The Titans have committed to Amano, signing the 2004 seventh-round draft pick to a five-year, $26.2 million deal in February after he started the past two seasons at guard. They have been grooming Harris since drafting him out of North Carolina State in the fourth round in 2007.
The Titans ranked second only to the Indianapolis Colts in sacks allowed and had a league-low 73 yards allowed off sacks. Tennessee also plowed holes for Chris Johnson, who became just the sixth player in NFL history to top 2,000 yards (he ran for 2,006). The Titans ranked second in the NFL with 162 rushing yards per game.
So why change?
Mawae leads active NFL linemen with 241 regular-season games played after he started all 16 contests last season -- his fourth with Tennessee. He's eager to keep playing and wants to start, but there could be factors working against him: He turned 39 in January and also has said with heated labor negotiations looming that his job as president of the NFL Players Association might not be helping him. His agent has talked with the Titans, but there's no movement yet.

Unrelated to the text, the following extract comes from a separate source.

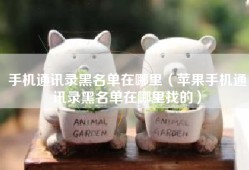 手机通讯录黑名单在哪里（苹果手机通讯录黑名单在哪里找的）
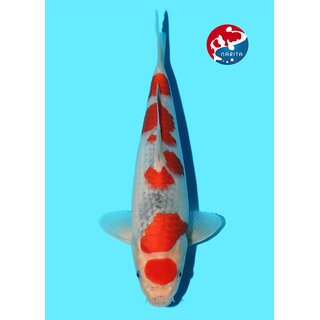 Kondo - Narita VHQ Showclass Goshiki 33cm Gewinner AJYKS...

"We're just kind of in a holding pattern," Fisher said last week when asked about Mawae.
The Titans drafted left tackle Michael Roos and right tackle David Stewart in 2005, and both now have four years left on their contracts. The team liked Amano in 2004 and made him the 239th pick overall out of Southeast Missouri State. The 6-foot-3, 310-pounder started two games as a rookie and permanently moved into the starting lineup in 2008 at left guard.
Munchak said he asked Amano where he'd be most comfortable at early this offseason, and he prefers the center spot he played in college.
Quarterback Vince Young believes the six-year veteran was well prepared by Mawae and sees him taking over the line as the man who makes the protection calls against defenses.
"Eugene did a phenomenal job of paying attention," Young said. "Eugene's a very, very smart guy and a very physical guy to me. He's outstanding. I've been playing with him since scout team. I know the type of talent that he has. To me, it's good to see he's getting the opportunity to take over and be what he wants to be -- a starting center. Congrats to him."
Harris, who's 6-3 and 302 pounds, played at center and both guard spots in college. In his second NFL season, he started for an injured Mawae in two games, including a divisional playoff loss to the Baltimore Ravens in January 2009. He started at right tackle for Stewart last season against the San Francisco 49ers.
Harris said he knows there's pressure stepping into this starting line.
"Our offensive line has been known as one of the best out there year after year," he said. "You don't want that to drop any or the things we have achieved to drop any. There's a little bit of pressure. I look forward to it, and I'm enjoying playing beside those guys."
Munchak said his high expectations don't change. With the entire offseason, training camp and the preseason, he expects the line to work smoothly with no excuses when the season opens Sept. 12 against the Oakland Raiders.
"We should be feeling like we can pick up where we left off last year," Munchak said.